2021年F1第15戦ロシアGP ソチ・オートドローム
2021年F1第15戦ロシアGP ソチ・オートドローム

 しかし、マシは「スパでの出来事はまったく影響しなかった」と述べて、3週間前にベルギーで起こった事象と今回の決定との関連を否定している。その上で、ソチにおける、F2とF3のスケジュール変更について説明した。

 F2のレース1は土曜の現地時間10時30分から行われる予定だったが、ピットレーンにマシンが並ぶものの、雨が強まったことで土曜16時45分スタートに延期になり、レース2は中止となった。

「土曜日の状況はこうだった。土曜の早い時間帯の状況では、問題なく走れそうな時間帯があったので、F2マシンをピットレーンに入れた。しかし、その後、可能性が低くなってしまった」とマシは言う。

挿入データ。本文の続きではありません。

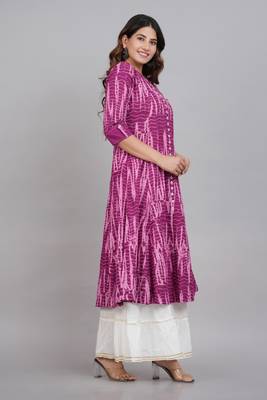 Women'S Tie & Dye Printed Anarkali Kurti(Purple) 3
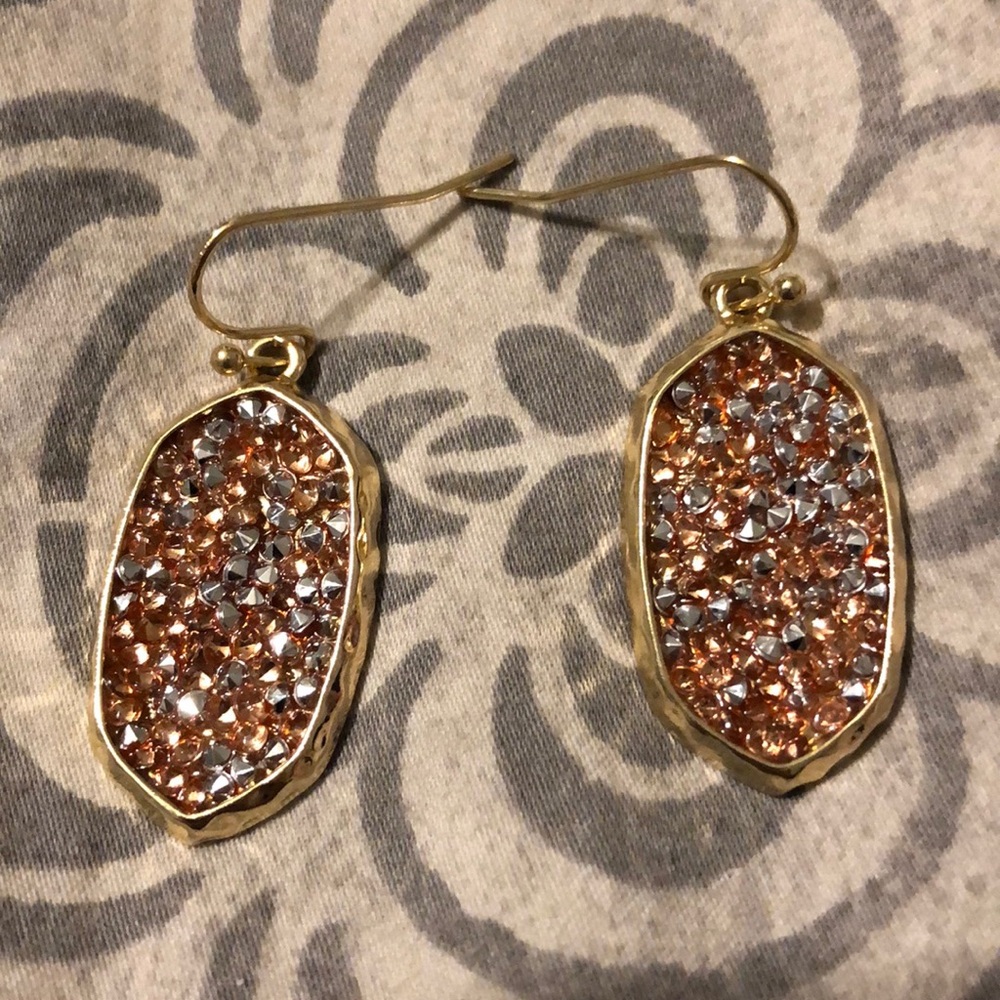 Pink Paved Sprinkle Rhinestone oval Earrings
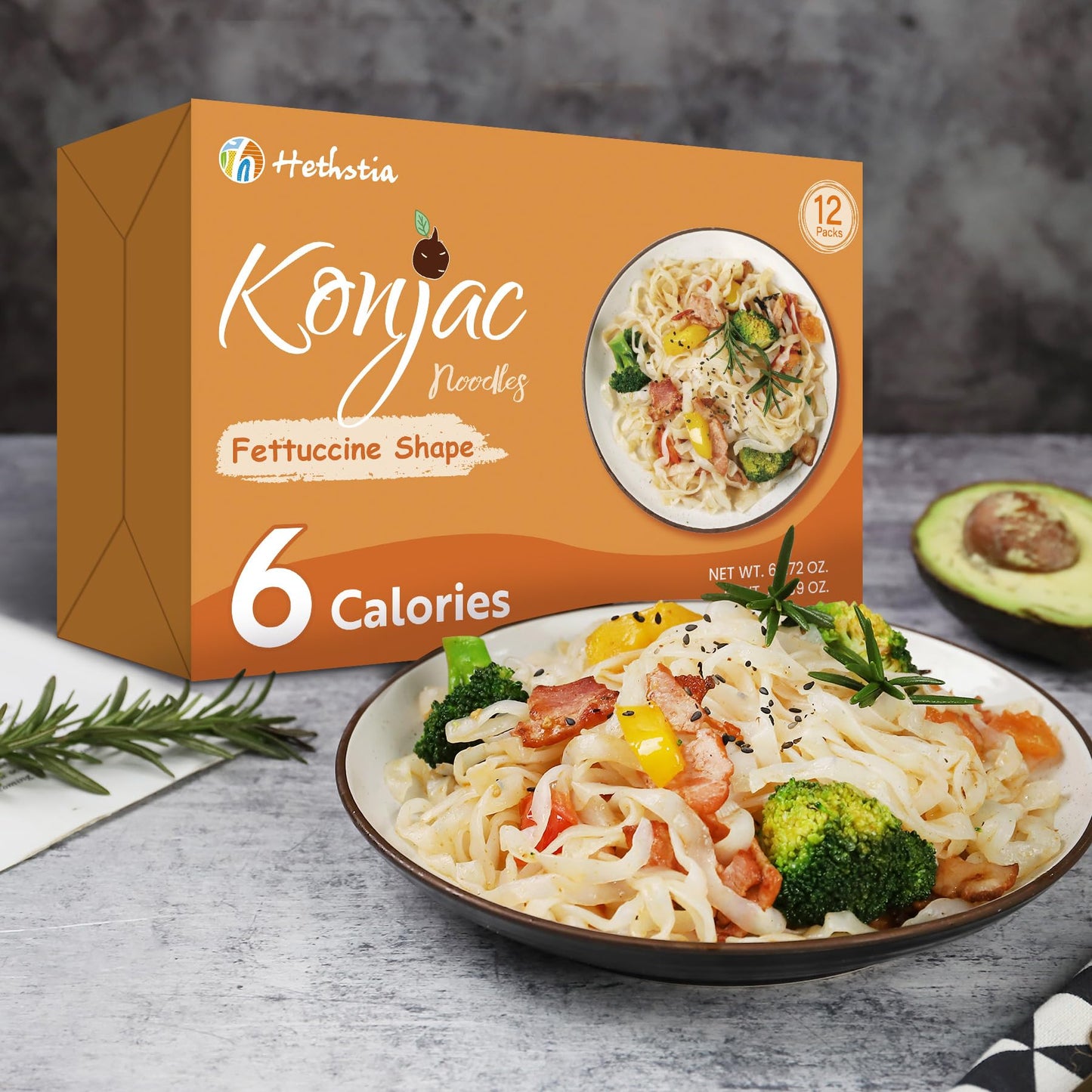 Hethstia Shirataki Noodle Pasta, Low-Carb, Gluten Free, Vegan, Keto, 12 Packs, 5.64 Ounce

「我々はこれまで、セッションごとに原則に基づいて複数のシナリオから判断してきた。今回も同じことをしたわけだが、もちろん制約条件はいくつか存在した」

「F3レースの金曜日への移動については、コンディションを見ての判断だった。このシナリオにした決め手は、これが選手権の最終戦であり、レースをプログラム内に収めることが可能だったことだ」

2021年F1第12戦ベルギーGP決勝
2021年F1第12戦ベルギーGP決勝

■実質レースなしのベルギーGPはテレビ局側にとってもマイナスに

 F1ストラテジーグループ会合では、週末のスケジュールを柔軟に変更するという点でどのような選択肢があり得るかが議論される予定だ。一方でF1はすでに、最も高額な料金を支払っているテレビ放映権保有者、具体的にはイギリス、ドイツ、イタリア、アメリカ、オーストラリアでの権利をもつ『Sky Corporation』とのあいだで話し合いを始めており、今後、状況をどのように変更することが可能であるかについて、意見を聞いている。

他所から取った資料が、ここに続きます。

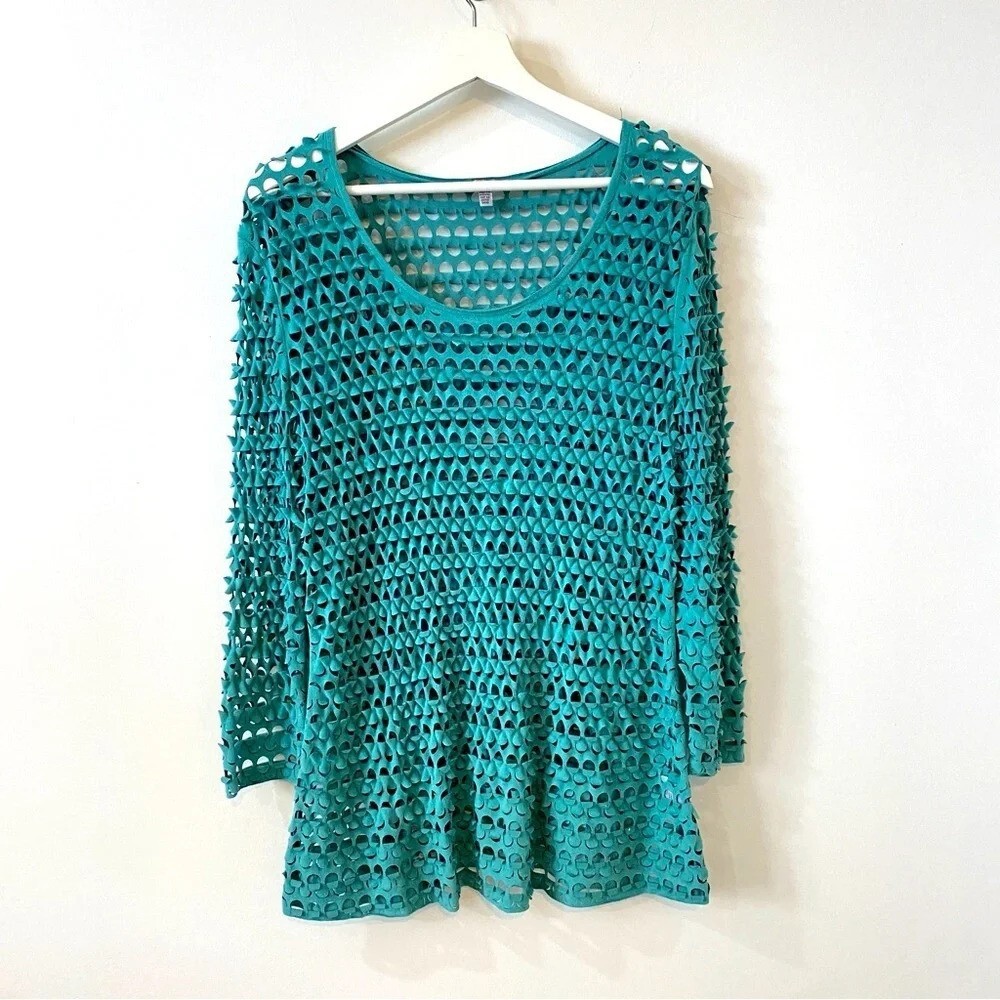 Linea Domani Teal Festival Suede Coverup Tunic with Cutouts Sixe XL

 テレビ局の放送スケジュールは、概して変更の融通が利きにくいが、スパでの出来事は彼らにとっても痛手となった。視聴率は大幅に低下し、世界中から多数の苦情が寄せられたのだ。また、コース上で何も行われていない状態が長時間続くなかで、テレビクルーは視聴者の興味を引きつけておくためにさまざまな即興的工夫を迫られた。

2021年F1第12戦ベルギーGP決勝
2021年F1第12戦ベルギーGP決勝

 現時点では、基本的にはFIA、F1、10チーム、さらにF2とF3の運営側が協議を行う段階にある。ストラテジーグループ会合で何らかの解決策が見出された場合、リバティ・メディアの商業部門がそれについて議論を行う。そして彼らは、主だったテレビ放映権保有者たちに対し、新しいプランを受け入れ、スケジュール変更に対応してもらうために交渉する。

 F1側は、その際、きちんとした形で行われるレースを放映できるという保証を、テレビ局側に対して行う。雨がやむのを待ってガレージのなかに収められたマシンを何時間も紹介し続けたり、もっとひどい場合には、世界選手権の1戦を成立させるためだけに、セーフティカーの後ろでのろのろ走るマシンの隊列を映すようなことはしないで済むと約束するわけだ。